Atelier anticorruption : la grande hypocrisie du régime Doumbouya

Atelier anticorruption : la grande hypocrisie du régime Doumbouya
C’est dans un hôtel de Conakry, à coups de micros flambants neufs et de formules rodées, que le général Amara Camara, secrétaire général de la présidence, a présidé le lancement d’un atelier de finalisation du rapport d’autoévaluation de la Guinée dans le cadre de la Convention de l’Union Africaine sur la prévention et la lutte contre la corruption.
Un événement officiel, avec badges, slogans et photo de famille. Une démonstration de bonne volonté ? Non. Une mise en scène. Une opération de communication creuse. Car pendant que certains peaufinent des rapports, d’autres organisent la prédation en silence.
Comment peut-on parler de lutte contre la corruption dans un pays où aucun dignitaire de la transition n’a jamais été inquiété pour enrichissement illicite, alors que le train de vie de certains, en trois ans seulement, s’apparente déjà à celui des satrapes ? Comment évoquer la transparence, quand le budget de la Présidence est un trou noir, où disparaissent des centaines de milliards, sans traçabilité ni justification ?
Le général Doumbouya, autoproclamé champion de la moralisation de la vie publique, n’a jamais publié la moindre déclaration de patrimoine.
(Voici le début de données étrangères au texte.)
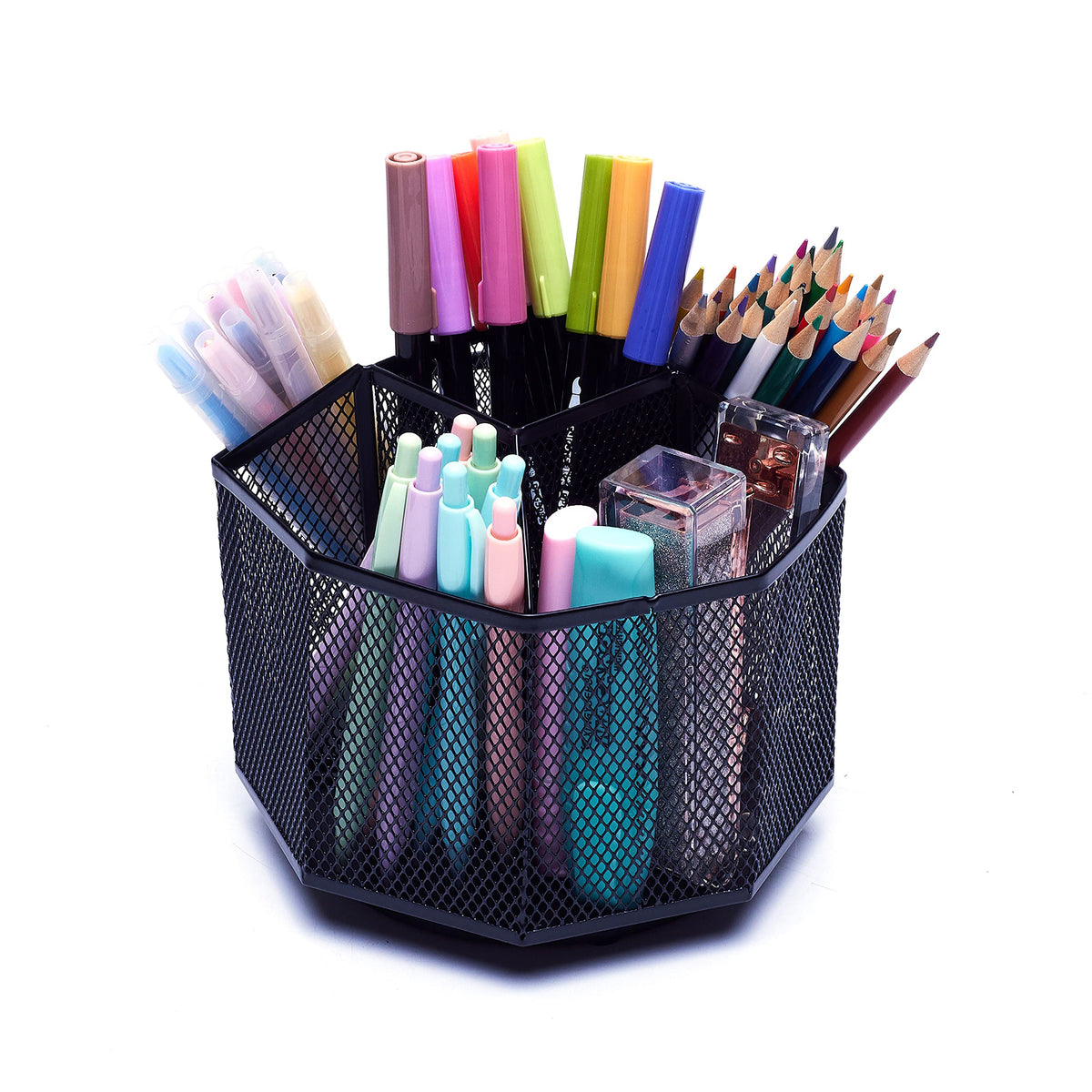 Exerz Desk Organizer 360 Rotating Pen Holder 5 Compartments Caddy Black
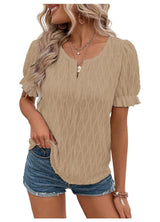 Jacquard-Top mit Puffärmeln für Damen – Trendy, locker und bequem – Khaki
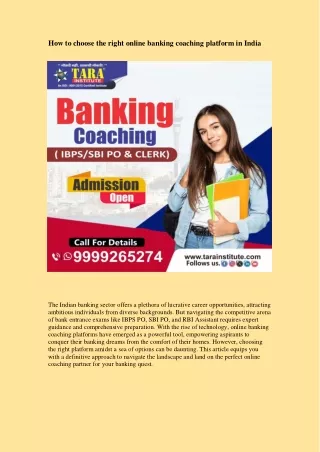 How to choose the right online banking coaching platform in India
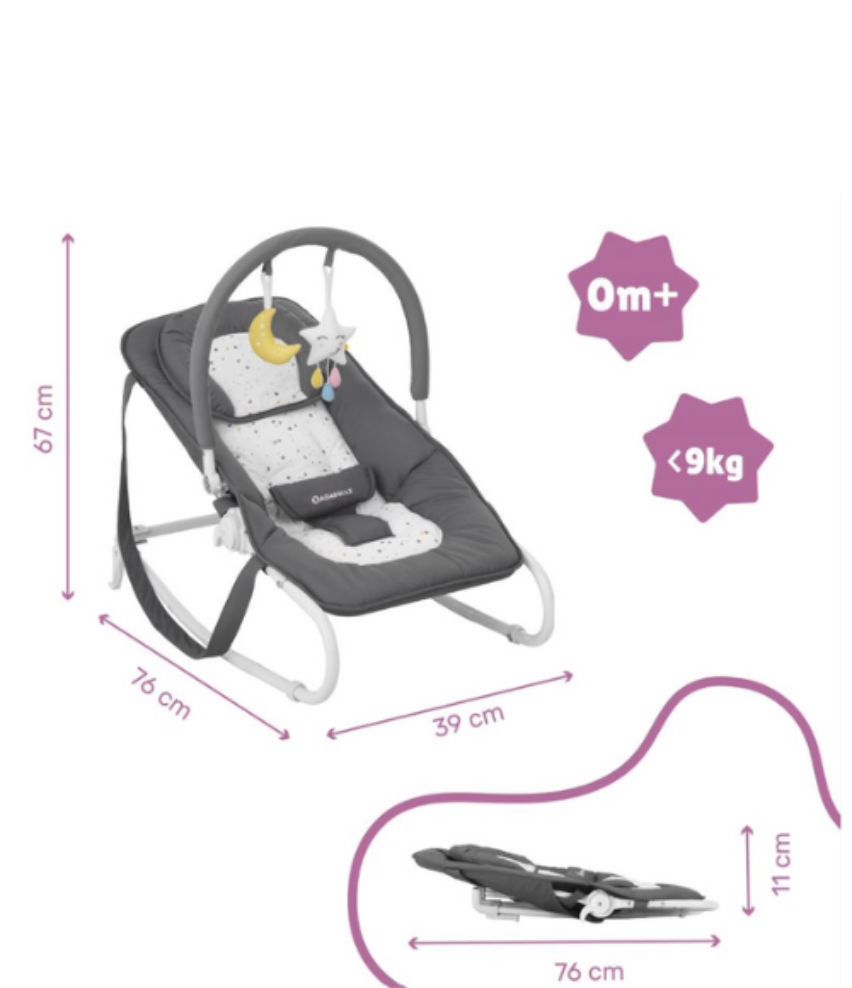 Transat bébé position fixe ou balancelle - Easy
Il promet l’éthique, mais gouverne dans l’opacité. Il parle de vertu, mais récompense la loyauté, pas la compétence. Et son entourage ? Une armée de nouveaux riches sortis de nulle part, qui jonglent entre contrats publics, marchés attribués de gré à gré, et véhicules de luxe en cortèges interminables.
Cet atelier n’est pas un engagement. C’est une opération de séduction à l’égard des bailleurs de fonds, des partenaires internationaux, de l’Union Africaine elle-même. La Guinée coche les cases. Elle fait semblant d’être sérieuse. Mais dans les couloirs du pouvoir, la corruption n’est pas combattue. Elle est réorganisée. Elle change juste de mains.
L’ancien régime d’Alpha Condé avait ses pillards. Le CNRD a les siens. À ceci près qu’aujourd’hui, ils se drapent dans l’uniforme et parlent au nom de la Nation. Mais les deals continuent. Les pots-de-vin aussi. Le favoritisme, l’impunité, les nominations politiques ? Plus que jamais d’actualité.
La vérité, c’est que la junte veut légitimer son hold-up par la vertu. Elle pense qu’en multipliant les ateliers, les rapports, les déclarations creuses, elle pourra faire oublier qu’elle est arrivée au pouvoir par la force, et qu’elle compte bien s’y maintenir par la ruse.
La corruption ne recule pas. Elle change de visage, de vocabulaire, de méthode. Et tant que la justice restera silencieuse, tant qu’aucun proche du régime ne tombera, tant que les enquêtes viseront toujours les anciens et jamais les actuels, ce genre d’atelier n’aura qu’une seule utilité : maquiller la prédation en réformisme.
La Guinée mérite mieux qu’un rapport d’autoévaluation. Elle mérite un sursaut de courage, une justice indépendante, et une rupture réelle avec le pillage d’État. Pour l’instant, ce n’est pas un atelier contre la corruption. C’est un alibi.